■ **PROBLEM STATEMENT**:
Beginning at the line that includes "a view from", print each remaining line of the data word for word. Output nothing else.

Web page caption snippets
#####

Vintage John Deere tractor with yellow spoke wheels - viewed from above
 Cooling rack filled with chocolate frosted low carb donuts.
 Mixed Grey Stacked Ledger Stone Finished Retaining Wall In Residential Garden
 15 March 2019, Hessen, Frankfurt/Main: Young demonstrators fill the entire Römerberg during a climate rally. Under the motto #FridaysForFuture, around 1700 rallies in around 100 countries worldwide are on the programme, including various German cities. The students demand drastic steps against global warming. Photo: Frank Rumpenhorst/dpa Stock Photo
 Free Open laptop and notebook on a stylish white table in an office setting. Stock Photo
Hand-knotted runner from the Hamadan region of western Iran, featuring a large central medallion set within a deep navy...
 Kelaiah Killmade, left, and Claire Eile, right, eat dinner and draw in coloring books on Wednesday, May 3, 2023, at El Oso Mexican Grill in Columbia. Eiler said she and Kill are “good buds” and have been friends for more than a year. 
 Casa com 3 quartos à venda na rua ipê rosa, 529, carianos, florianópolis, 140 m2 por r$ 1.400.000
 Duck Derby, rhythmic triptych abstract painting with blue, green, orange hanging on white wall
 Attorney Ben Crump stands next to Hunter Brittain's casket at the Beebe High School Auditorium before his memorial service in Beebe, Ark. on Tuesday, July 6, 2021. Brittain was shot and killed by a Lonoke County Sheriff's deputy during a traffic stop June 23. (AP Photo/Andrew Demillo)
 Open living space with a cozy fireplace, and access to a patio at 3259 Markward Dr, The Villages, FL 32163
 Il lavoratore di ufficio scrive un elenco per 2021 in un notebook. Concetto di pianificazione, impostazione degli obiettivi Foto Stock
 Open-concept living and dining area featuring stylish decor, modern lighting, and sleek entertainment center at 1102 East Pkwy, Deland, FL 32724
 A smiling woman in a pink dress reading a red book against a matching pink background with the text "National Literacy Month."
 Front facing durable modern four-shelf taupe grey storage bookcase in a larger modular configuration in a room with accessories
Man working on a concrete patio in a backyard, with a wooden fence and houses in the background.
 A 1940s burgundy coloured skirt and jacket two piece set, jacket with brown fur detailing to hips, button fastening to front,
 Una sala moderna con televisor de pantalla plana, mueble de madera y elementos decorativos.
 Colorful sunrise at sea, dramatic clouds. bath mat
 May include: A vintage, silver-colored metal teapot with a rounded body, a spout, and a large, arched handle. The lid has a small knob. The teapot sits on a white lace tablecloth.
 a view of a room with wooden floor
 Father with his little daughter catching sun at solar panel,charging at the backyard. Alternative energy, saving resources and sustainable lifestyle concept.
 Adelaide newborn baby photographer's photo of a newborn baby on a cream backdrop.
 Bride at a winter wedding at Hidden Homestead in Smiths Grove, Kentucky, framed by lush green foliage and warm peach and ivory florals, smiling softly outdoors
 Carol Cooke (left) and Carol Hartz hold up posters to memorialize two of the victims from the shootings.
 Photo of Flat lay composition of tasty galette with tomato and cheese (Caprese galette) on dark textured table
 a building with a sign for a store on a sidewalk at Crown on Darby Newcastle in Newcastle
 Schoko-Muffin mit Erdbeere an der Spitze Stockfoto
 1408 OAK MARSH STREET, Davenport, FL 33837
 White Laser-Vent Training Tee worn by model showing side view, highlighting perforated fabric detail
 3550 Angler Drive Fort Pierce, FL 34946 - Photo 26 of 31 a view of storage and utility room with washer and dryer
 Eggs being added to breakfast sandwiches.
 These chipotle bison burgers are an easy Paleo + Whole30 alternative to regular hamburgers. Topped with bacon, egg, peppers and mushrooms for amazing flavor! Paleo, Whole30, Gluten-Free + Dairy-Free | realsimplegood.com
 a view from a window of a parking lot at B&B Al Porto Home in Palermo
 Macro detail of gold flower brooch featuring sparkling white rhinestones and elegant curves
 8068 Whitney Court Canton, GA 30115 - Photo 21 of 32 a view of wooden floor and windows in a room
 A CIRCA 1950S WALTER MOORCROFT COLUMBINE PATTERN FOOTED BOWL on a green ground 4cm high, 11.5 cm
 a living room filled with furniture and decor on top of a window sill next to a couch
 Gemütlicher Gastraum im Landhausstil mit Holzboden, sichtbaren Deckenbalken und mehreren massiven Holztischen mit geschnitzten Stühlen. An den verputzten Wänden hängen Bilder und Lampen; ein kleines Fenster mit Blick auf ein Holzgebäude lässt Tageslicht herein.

#####

■ **SOLUTION TO THE PROBLEM**:
 a view from a window of a parking lot at B&B Al Porto Home in Palermo
 Macro detail of gold flower brooch featuring sparkling white rhinestones and elegant curves
 8068 Whitney Court Canton, GA 30115 - Photo 21 of 32 a view of wooden floor and windows in a room
 A CIRCA 1950S WALTER MOORCROFT COLUMBINE PATTERN FOOTED BOWL on a green ground 4cm high, 11.5 cm
 a living room filled with furniture and decor on top of a window sill next to a couch
 Gemütlicher Gastraum im Landhausstil mit Holzboden, sichtbaren Deckenbalken und mehreren massiven Holztischen mit geschnitzten Stühlen. An den verputzten Wänden hängen Bilder und Lampen; ein kleines Fenster mit Blick auf ein Holzgebäude lässt Tageslicht herein.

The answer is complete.